___ Supplied material ___

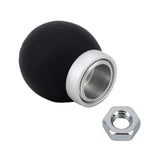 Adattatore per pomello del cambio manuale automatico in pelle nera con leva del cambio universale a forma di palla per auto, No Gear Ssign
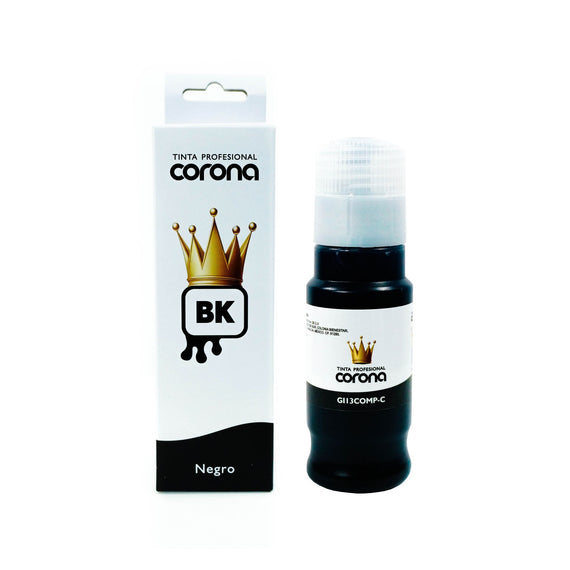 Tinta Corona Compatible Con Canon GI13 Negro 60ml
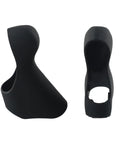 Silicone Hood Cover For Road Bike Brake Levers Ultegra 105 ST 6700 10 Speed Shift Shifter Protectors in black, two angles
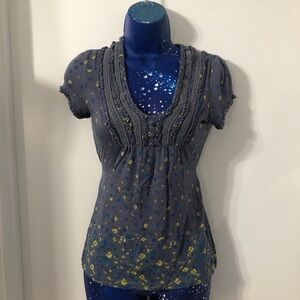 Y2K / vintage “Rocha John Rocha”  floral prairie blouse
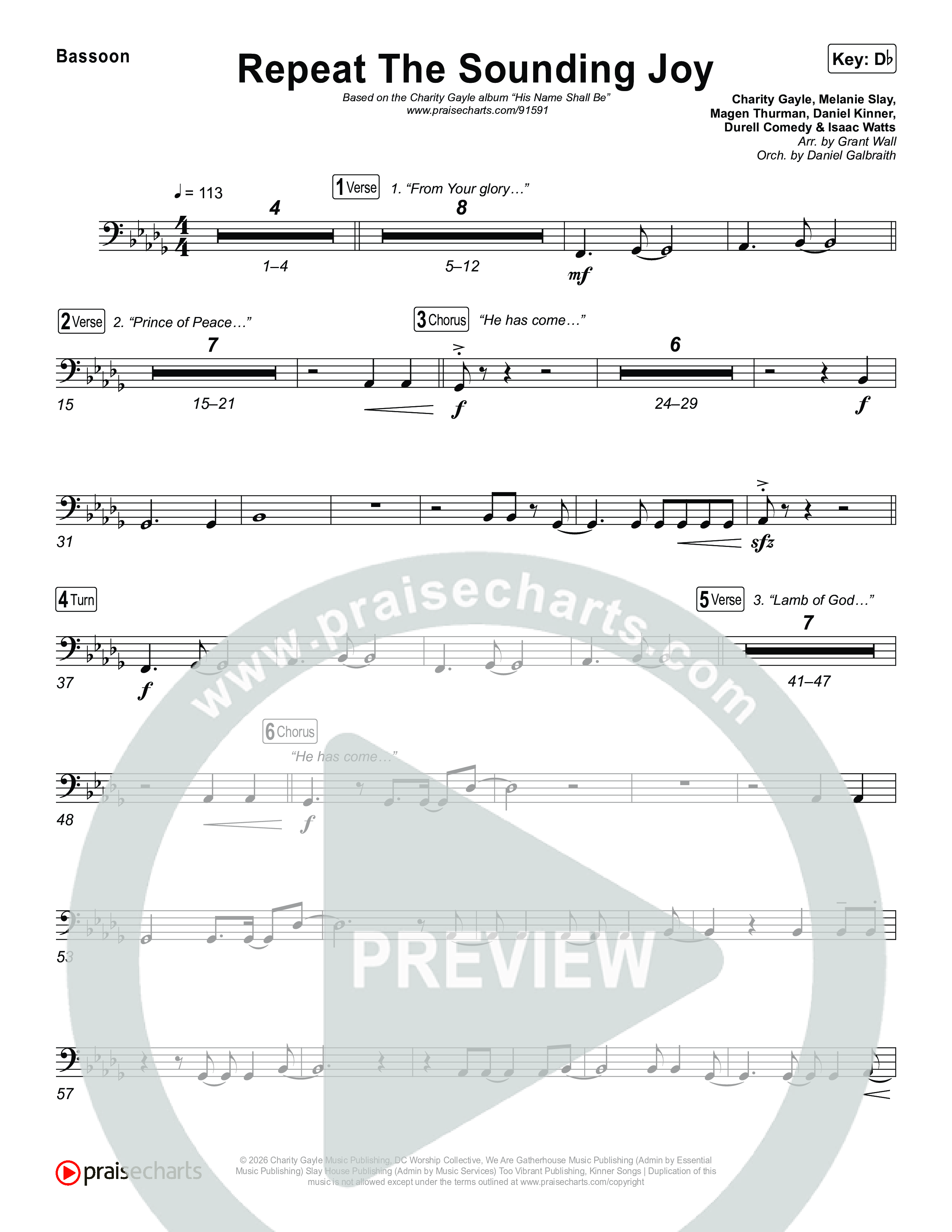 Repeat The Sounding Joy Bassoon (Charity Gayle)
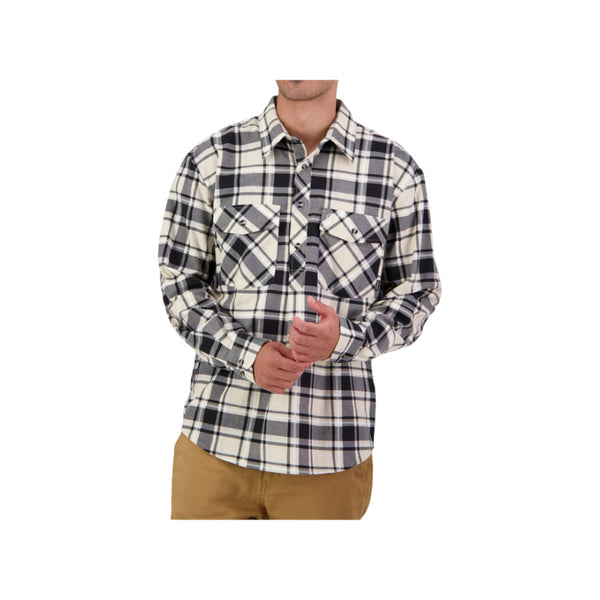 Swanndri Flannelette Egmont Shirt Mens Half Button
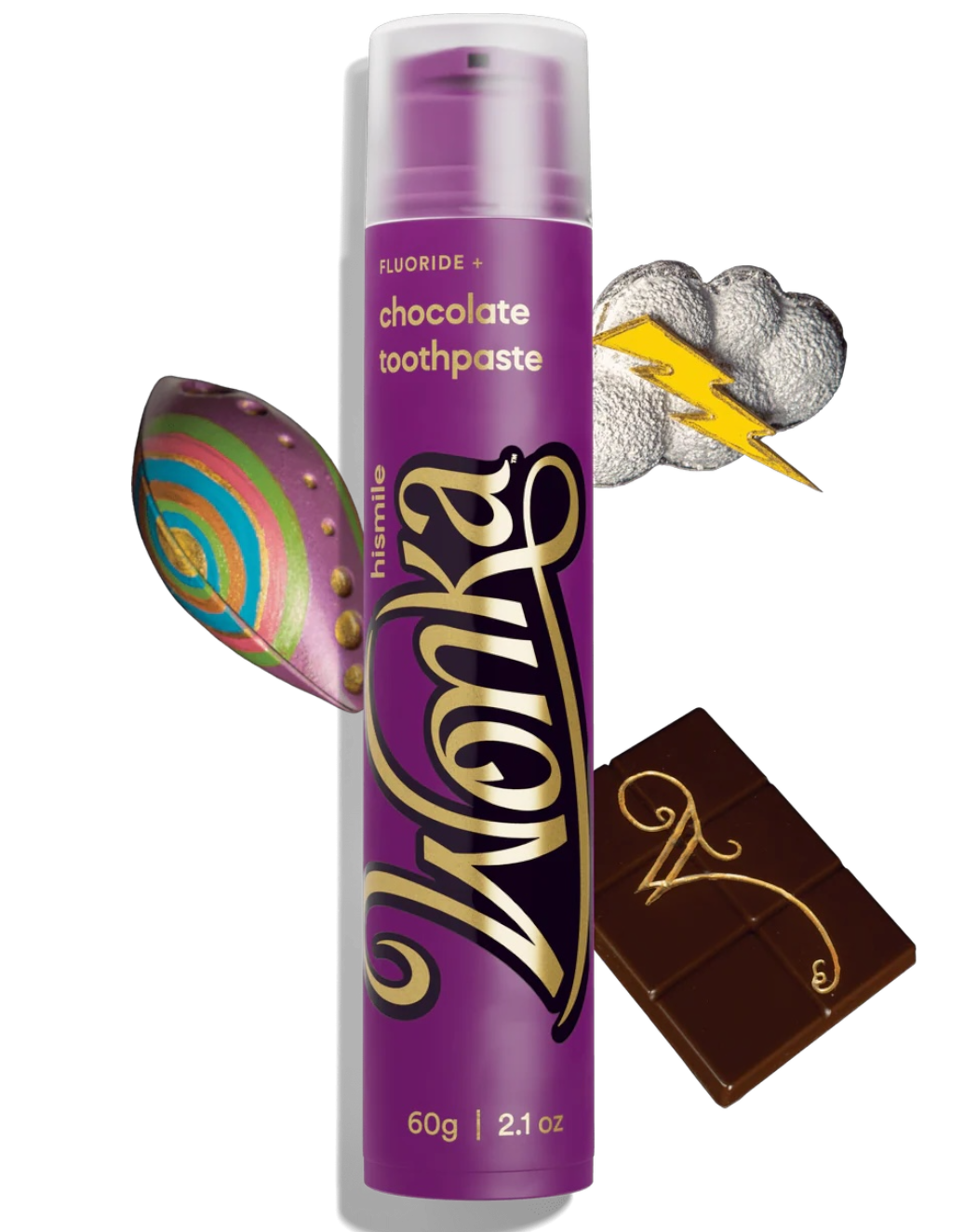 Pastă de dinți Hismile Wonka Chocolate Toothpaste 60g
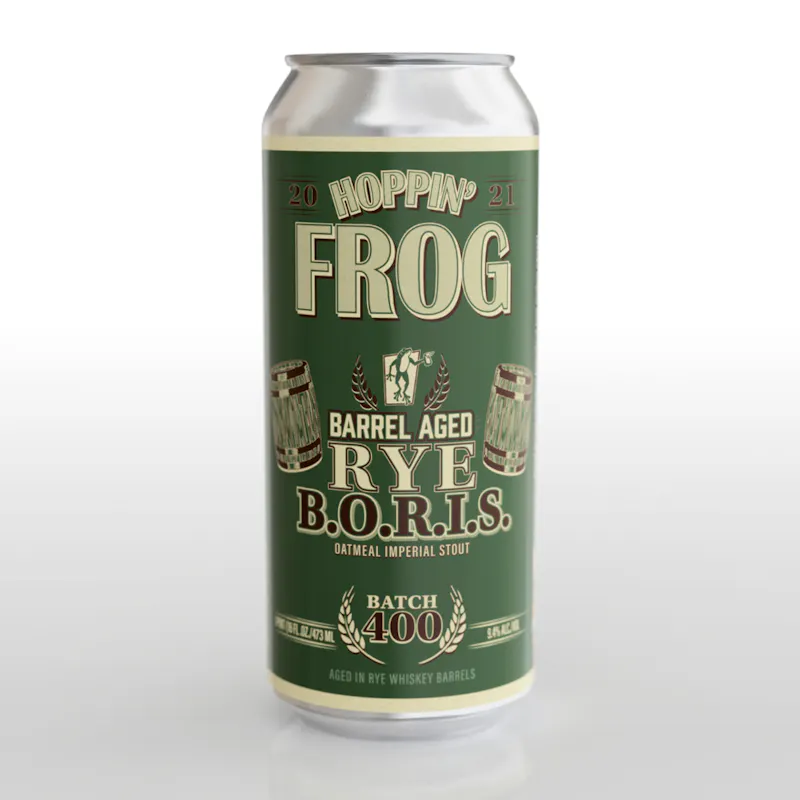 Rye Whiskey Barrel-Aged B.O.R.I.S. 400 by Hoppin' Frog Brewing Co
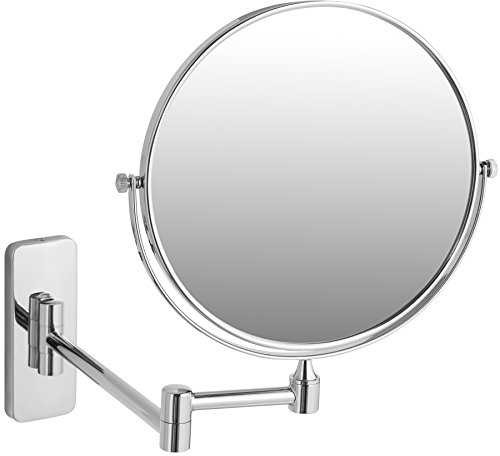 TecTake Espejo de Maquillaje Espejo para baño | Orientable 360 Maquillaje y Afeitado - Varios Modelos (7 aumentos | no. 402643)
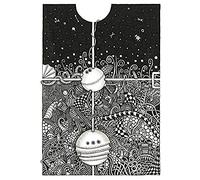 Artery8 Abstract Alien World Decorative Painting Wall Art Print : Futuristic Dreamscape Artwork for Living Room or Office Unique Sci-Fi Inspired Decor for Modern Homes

___
___ Supplied material ___

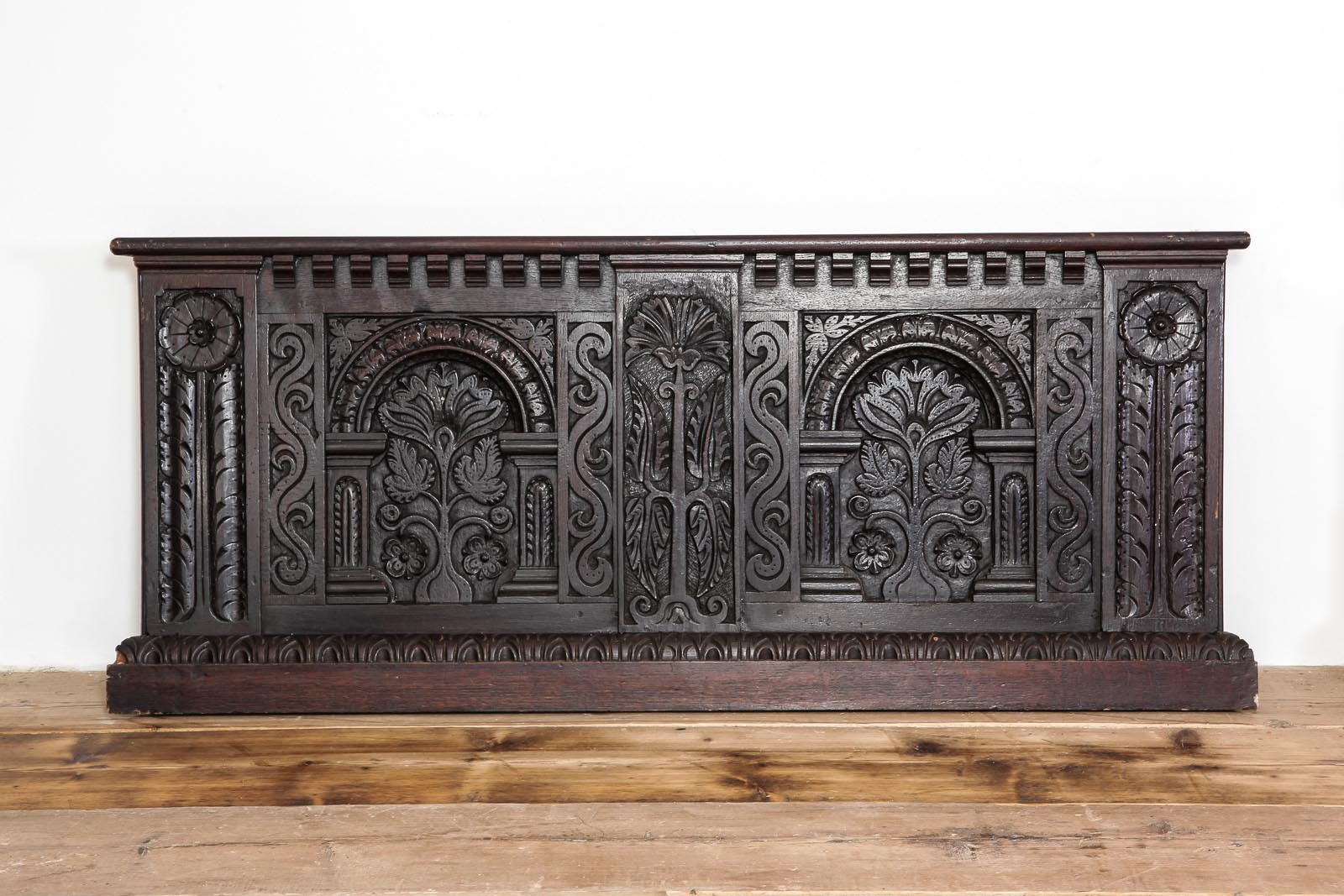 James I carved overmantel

___

* What is needed:
In the records above, find the line with "Adattatore per pomello" and the line with "Artery8 Abstract Alien"; please transcribe exactly those two lines and all lines between them, omitting any picture.

* Written response:
 Adattatore per pomello del cambio manuale automatico in pelle nera con leva del cambio universale a forma di palla per auto, No Gear Ssign
 Tinta Corona Compatible Con Canon GI13 Negro 60ml
 Silicone Hood Cover For Road Bike Brake Levers Ultegra 105 ST 6700 10 Speed Shift Shifter Protectors in black, two angles
 Y2K / vintage “Rocha John Rocha”  floral prairie blouse
 Repeat The Sounding Joy Bassoon (Charity Gayle)
 Swanndri Flannelette Egmont Shirt Mens Half Button
 Pastă de dinți Hismile Wonka Chocolate Toothpaste 60g
 Rye Whiskey Barrel-Aged B.O.R.I.S. 400 by Hoppin' Frog Brewing Co
 TecTake Espejo de Maquillaje Espejo para baño | Orientable 360 Maquillaje y Afeitado - Varios Modelos (7 aumentos | no. 402643)
 Artery8 Abstract Alien World Decorative Painting Wall Art Print : Futuristic Dreamscape Artwork for Living Room or Office Unique Sci-Fi Inspired Decor for Modern Homes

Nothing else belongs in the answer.